Les barrières tarifaires mises en place par la Commission européenne en 2013 contre les fabricants chinois de panneaux photovoltaïques ont pris fin le 3 septembre 2018. Les installateurs du continent peuvent à nouveau se fournir dans l’empire du Milieu.

Rédigé par Anton Kunin, le 5 Sep 2018, à 11 h 40 min

La Commission européenne a décidé de ne pas reconduire les droits de douane prohibitifs visant à restreindre l’importation de panneaux photovoltaïques chinois.

La levée des restrictions douanières va-t-elle se traduire forcément par une vague d’importations chinoises ?

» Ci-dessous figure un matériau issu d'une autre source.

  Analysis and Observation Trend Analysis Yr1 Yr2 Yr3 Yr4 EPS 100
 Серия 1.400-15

Les installateurs européens de panneaux photovoltaïques vont souffler : ils pourront à nouveau se fournir auprès des Chinois. Mais, cinq ans après les accusations de dumping proférées par les politiciens européens à l’encontre de leurs homologues chinois, les choses ont bien changé. Le coût de la production de panneaux photovoltaïques ne cesse de baisser dans les pays développés, et leur importation est aujourd’hui moins intéressante économiquement. C’est pour cette raison précise que la décision a été prise de ne pas reconduire les droits de douane artificiellement élevés, qui rendaient extrêmement chère l’importation de ces panneaux depuis la Chine. « Les conditions de marché ne justifient plus ces droits de douane prohibitifs », préfère-t-on dire à Bruxelles.

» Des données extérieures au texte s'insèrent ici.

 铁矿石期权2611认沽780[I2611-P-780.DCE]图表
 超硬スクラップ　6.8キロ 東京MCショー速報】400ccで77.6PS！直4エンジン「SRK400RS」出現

Photovoltaïque en Chine © gyn9037

Finalement, un flux plus important d’importations chinoises ferait même du bien à l’économie européenne. Actuellement, les échanges bilatéraux entre la Chine et l’Europe se chiffrent à 516 milliards d’euros, avec un déficit commercial de 176 milliards d’euros pour l’Union européenne. Autrement dit, en termes monétaires, l’Europe n’achète à la Chine que le tiers de ce qu’elle lui vend. Ce déficit crée un déséquilibre à la défaveur de la monnaie européenne, qui perd en valeur.

Importer des panneaux photovoltaïques chinois : l’Europe y trouve finalement son compte

La logique environnementale entre elle aussi en jeu. Aujourd’hui, l’Union européenne ne produit que 7 gigawatts d’électricité d’origine solaire, faute d’équipements suffisants. En même temps, s’agissant des panneaux photovoltaïques, la Chine a un excédent de production de 30 gigawatts par an. Il serait donc judicieux que ces panneaux, qui ne trouvent pas preneur sur le marché chinois, aident à pallier le manque en Europe.

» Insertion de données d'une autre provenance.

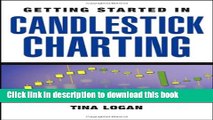 Read Getting Started in Candlestick Charting PDF Online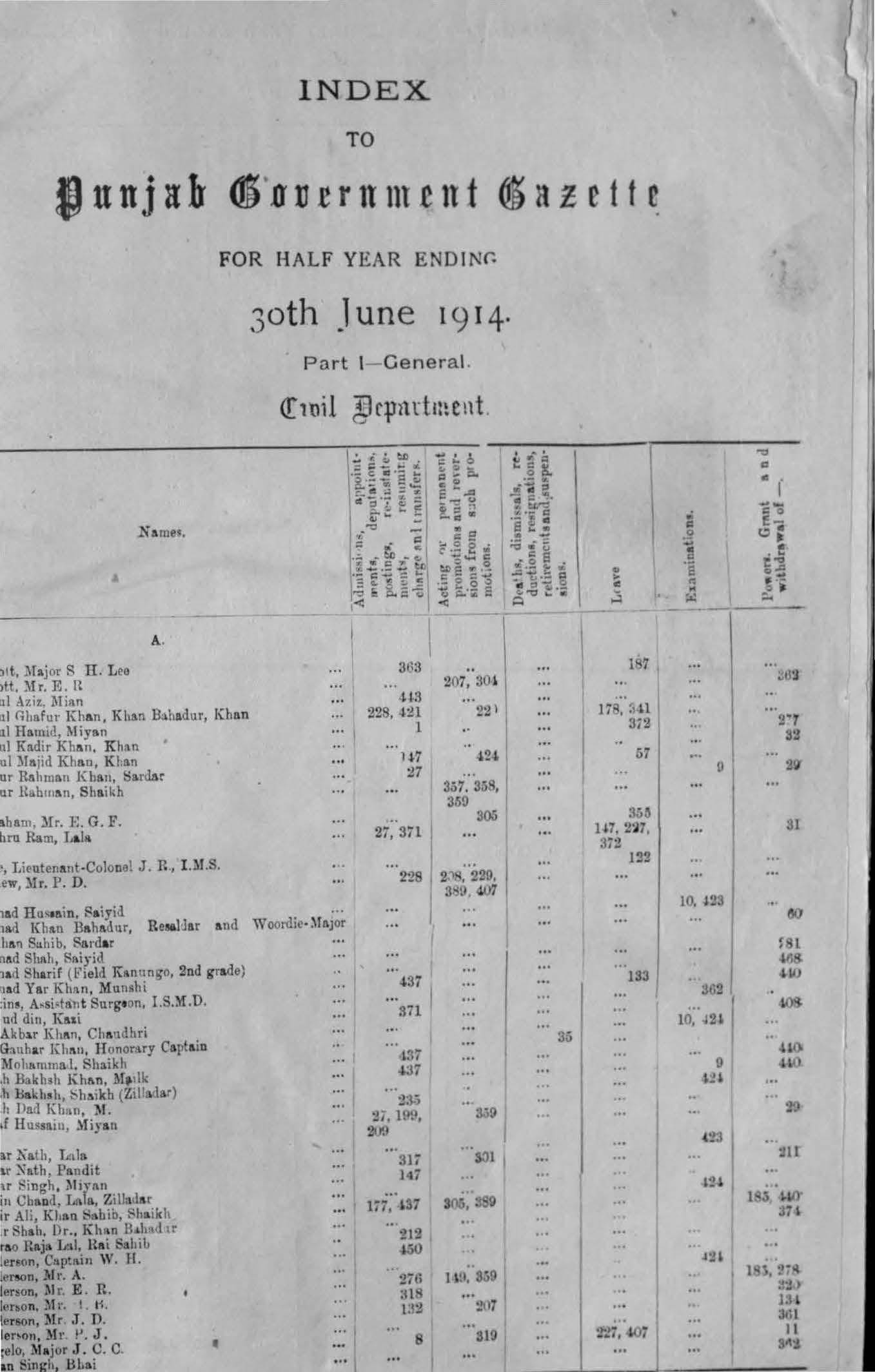 Index to Punjab Government Gazette for half year ending 30th June 1914 (Part-I General) Civil Department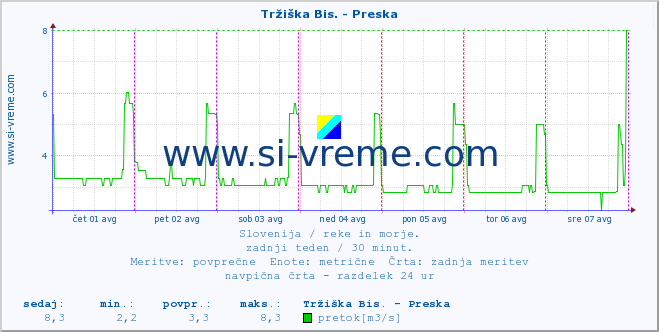 POVPREČJE :: Tržiška Bis. - Preska :: temperatura | pretok | višina :: zadnji teden / 30 minut.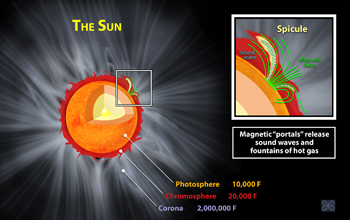 Jets of hot gas and sound waves escape sun's surface through magnetic "portals".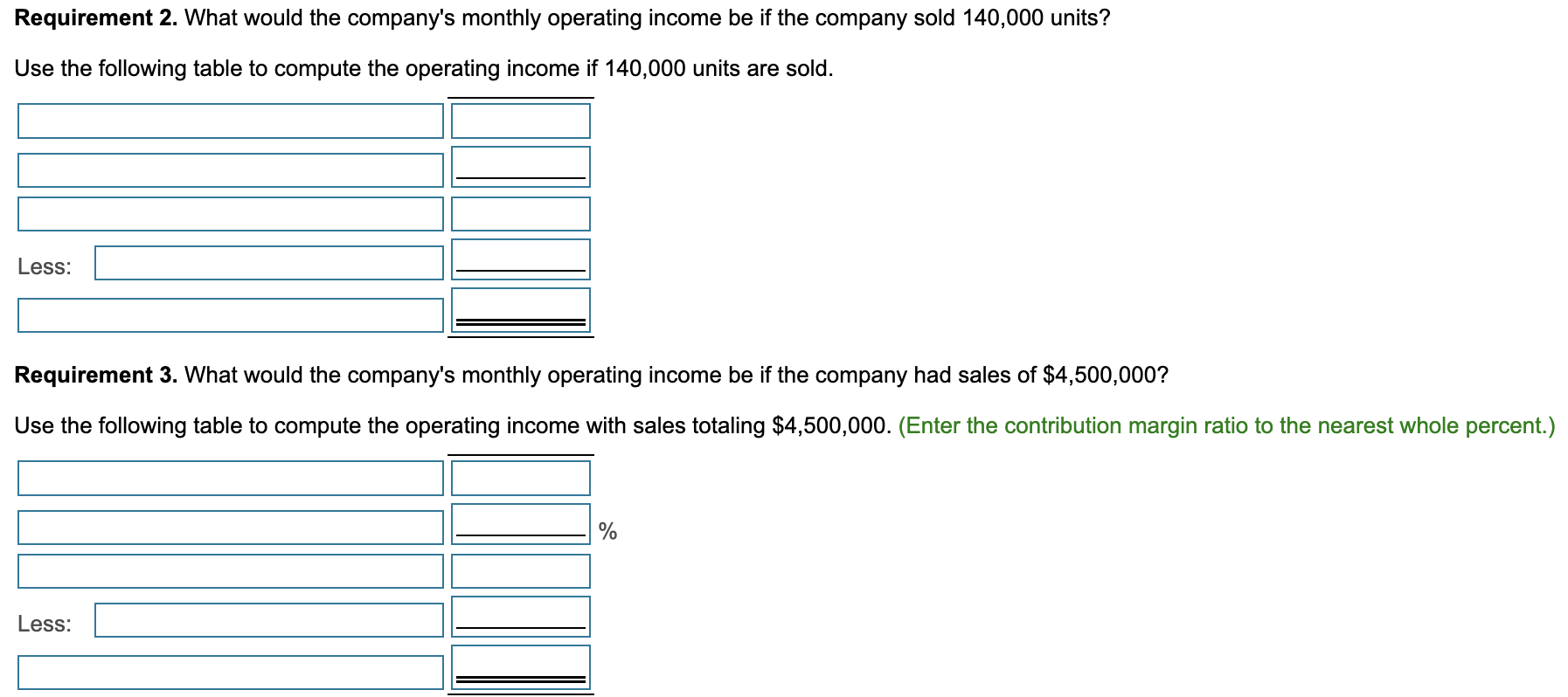 monthly operating income be if the company had sales of $4,500,000 ?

Responsable à elle seule de plus de 40 % de la croissance mondiale des énergies renouvelables, depuis 2015 la Chine est le premier pays producteur d’énergie solaire.

Les règles entrées en vigueur en 2013 imposaient aux fabricants chinois un prix minimum. S’ils exportaient tout de même leur production à un prix inférieur, ils se voyaient infliger un tarif douanier pouvant aller jusqu’à 64,9 % du prix du panneau photovoltaïque en question. Mis en place pour une durée de 5 ans initialement, ce régime douanier a été reconduit en mars 2017 jusqu’en septembre 2018. À l’époque, les bruits couraient déjà que ce serait une ultime reconduction.

Pourtant, les producteurs européens craignent la fin de leur activité. En effet, selon eux, les autres grands acteurs que sont les États-Unis, l’Inde et le Canada ayant mis en place des restrictions sur les panneaux solaires en provenance de l’Empire du milieu, les panneaux solaires chinois risquent d’inonder le marché européen.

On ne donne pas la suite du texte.